[Data records]
# # # # # # #
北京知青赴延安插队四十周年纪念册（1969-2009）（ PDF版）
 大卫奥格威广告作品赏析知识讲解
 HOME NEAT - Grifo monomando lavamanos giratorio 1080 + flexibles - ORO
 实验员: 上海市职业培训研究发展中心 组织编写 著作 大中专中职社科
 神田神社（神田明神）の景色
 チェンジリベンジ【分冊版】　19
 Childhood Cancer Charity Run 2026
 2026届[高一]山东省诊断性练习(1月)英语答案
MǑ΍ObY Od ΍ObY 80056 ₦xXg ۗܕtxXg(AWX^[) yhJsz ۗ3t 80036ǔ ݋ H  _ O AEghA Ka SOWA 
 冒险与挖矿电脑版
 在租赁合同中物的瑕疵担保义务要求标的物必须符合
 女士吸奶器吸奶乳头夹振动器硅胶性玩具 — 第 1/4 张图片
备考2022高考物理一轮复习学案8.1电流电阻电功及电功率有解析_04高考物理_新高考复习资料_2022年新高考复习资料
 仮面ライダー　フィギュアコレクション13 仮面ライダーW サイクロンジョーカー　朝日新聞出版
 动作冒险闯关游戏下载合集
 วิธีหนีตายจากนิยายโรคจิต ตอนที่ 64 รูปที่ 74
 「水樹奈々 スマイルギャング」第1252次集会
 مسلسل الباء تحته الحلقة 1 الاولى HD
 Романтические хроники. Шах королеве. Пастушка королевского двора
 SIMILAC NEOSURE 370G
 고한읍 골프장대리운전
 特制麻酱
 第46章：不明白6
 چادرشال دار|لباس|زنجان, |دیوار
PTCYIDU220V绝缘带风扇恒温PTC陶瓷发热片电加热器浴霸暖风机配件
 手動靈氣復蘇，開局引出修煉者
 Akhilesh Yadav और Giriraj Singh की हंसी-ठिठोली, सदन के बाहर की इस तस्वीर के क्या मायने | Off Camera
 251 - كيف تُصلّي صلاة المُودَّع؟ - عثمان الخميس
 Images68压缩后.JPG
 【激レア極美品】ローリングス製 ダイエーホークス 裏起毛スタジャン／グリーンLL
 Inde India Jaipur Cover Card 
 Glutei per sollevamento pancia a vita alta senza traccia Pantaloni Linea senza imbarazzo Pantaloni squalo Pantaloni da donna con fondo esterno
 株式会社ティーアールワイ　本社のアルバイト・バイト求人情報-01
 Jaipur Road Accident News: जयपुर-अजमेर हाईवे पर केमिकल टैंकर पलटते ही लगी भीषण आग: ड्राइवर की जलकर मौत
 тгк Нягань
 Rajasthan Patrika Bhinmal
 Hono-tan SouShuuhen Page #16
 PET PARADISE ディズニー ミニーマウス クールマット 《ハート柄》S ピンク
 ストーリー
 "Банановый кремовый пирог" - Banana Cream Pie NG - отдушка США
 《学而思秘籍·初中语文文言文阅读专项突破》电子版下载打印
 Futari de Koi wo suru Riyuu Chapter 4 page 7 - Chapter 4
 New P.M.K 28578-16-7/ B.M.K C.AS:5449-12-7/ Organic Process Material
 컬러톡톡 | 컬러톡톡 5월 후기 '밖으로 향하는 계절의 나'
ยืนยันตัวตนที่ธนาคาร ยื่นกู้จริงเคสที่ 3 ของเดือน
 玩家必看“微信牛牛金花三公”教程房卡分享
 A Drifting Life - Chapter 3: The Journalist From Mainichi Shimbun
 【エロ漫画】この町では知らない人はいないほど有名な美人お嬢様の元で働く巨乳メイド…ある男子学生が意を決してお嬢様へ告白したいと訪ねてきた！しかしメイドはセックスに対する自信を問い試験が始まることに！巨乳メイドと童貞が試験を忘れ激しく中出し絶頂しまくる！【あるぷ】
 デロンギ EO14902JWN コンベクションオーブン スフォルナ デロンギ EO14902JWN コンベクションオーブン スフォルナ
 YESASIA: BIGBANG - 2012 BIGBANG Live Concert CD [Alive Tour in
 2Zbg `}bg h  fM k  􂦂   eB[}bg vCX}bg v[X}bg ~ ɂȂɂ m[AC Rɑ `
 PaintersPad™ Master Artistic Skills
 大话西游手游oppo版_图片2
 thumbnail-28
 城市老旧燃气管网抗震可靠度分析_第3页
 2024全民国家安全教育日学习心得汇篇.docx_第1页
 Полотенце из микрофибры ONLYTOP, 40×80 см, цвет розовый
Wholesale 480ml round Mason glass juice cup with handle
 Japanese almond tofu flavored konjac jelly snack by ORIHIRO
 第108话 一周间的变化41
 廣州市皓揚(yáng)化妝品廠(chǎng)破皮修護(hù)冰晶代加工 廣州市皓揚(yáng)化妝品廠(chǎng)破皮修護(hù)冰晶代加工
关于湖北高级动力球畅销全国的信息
# # # # # # #
Exercise instructions: An exact copy of the data is needed, running from its first line through the line that holds "女士吸奶器吸奶乳头夹振动器硅胶性玩具 — 第 1/4 张图片", and nothing beyond that.

Completed exercise:
北京知青赴延安插队四十周年纪念册（1969-2009）（ PDF版）
 大卫奥格威广告作品赏析知识讲解
 HOME NEAT - Grifo monomando lavamanos giratorio 1080 + flexibles - ORO
 实验员: 上海市职业培训研究发展中心 组织编写 著作 大中专中职社科
 神田神社（神田明神）の景色
 チェンジリベンジ【分冊版】　19
 Childhood Cancer Charity Run 2026
 2026届[高一]山东省诊断性练习(1月)英语答案
MǑ΍ObY Od ΍ObY 80056 ₦xXg ۗܕtxXg(AWX^[) yhJsz ۗ3t 80036ǔ ݋ H  _ O AEghA Ka SOWA 
 冒险与挖矿电脑版
 在租赁合同中物的瑕疵担保义务要求标的物必须符合
 女士吸奶器吸奶乳头夹振动器硅胶性玩具 — 第 1/4 张图片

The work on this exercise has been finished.